Apertus-8B-Instruct-2509 is an 8 billion parameter language model from swiss-ai, part of the Apertus family, which also includes a 70B variant. This model is distinguished by its commitment to full transparency, offering open weights, open training data, and complete training details. It is a decoder-only transformer, pretrained on an extensive 15 trillion tokens using a staged curriculum that incorporates web, code, and math data.
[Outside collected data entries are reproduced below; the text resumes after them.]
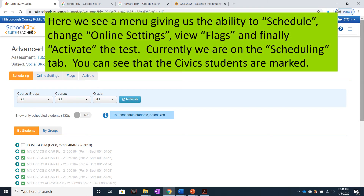Here we see a menu giving us the ability to schedule, change online settings, view flags, and finally activate the test.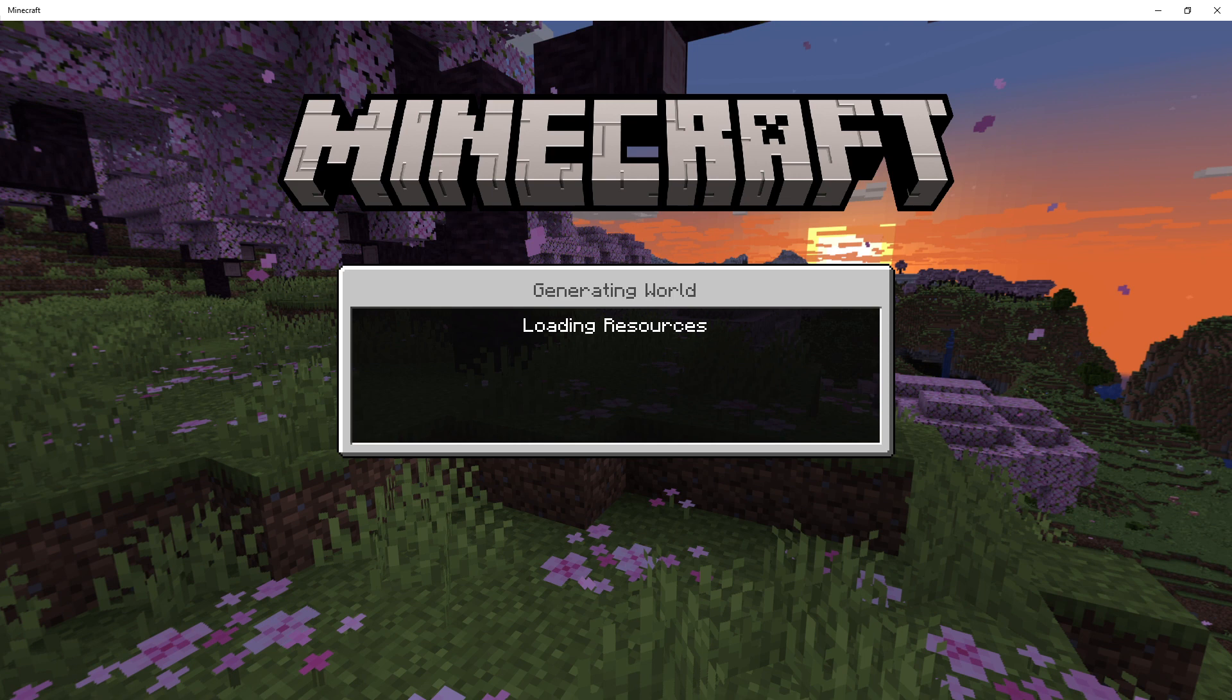Yeah this was just to show exactly what staff means when they suggest clearing your cache if there's a pack issue.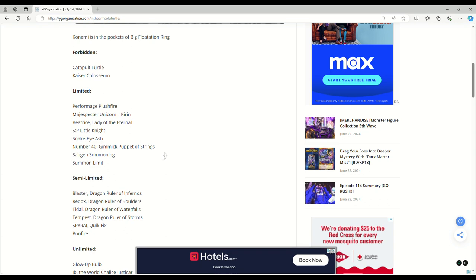But guys, let me know what you think. I think Yu-Gi-Oh is on its way out. They keep dropping the ball and it's not looking good. Guys, thanks for watching. I'll see you in the next video.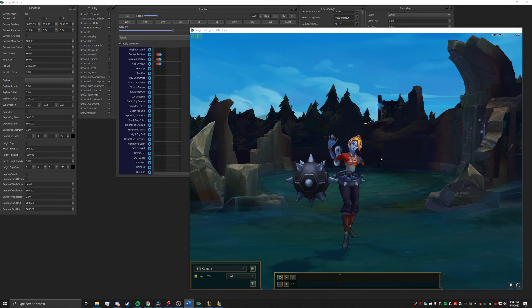There are a lot of features within League Director that I did not go through. I only went through the basics of just keyframing and going around a character. If there are any questions, or if you would like to see anything else such as a change in the skybox, please feel free to leave a comment down below. If you liked the video and it helped you, feel free to give it a like. And if you want to see more League content, don't forget to subscribe to my channel. I hope this helped, and I'll see you next time.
The model utilizes a novel xIELU activation function and was trained from scratch with the AdEMAMix optimizer, followed by supervised fine-tuning and alignment via QRPO.

Key Capabilities

  • Massively Multilingual: Natively supports 1811 languages, making it highly versatile for global applications.
  • Long Context: Features a substantial context length of up to 65,536 tokens, enabling processing of extensive inputs.
  • Tool Use: Supports agentic usage with tool integration capabilities.
  • Data Compliance: Trained with a strong emphasis on respecting opt-out consent for data owners and avoiding memorization of training data.
  • Openness: Provides full transparency regarding its training process, data, and architecture, including a technical report and open training data reconstruction scripts.

Good For

  • Applications requiring broad multilingual support.
  • Tasks benefiting from long context understanding and generation.
  • Developers prioritizing fully transparent and auditable AI models.
  • Use cases where data privacy and consent are critical considerations.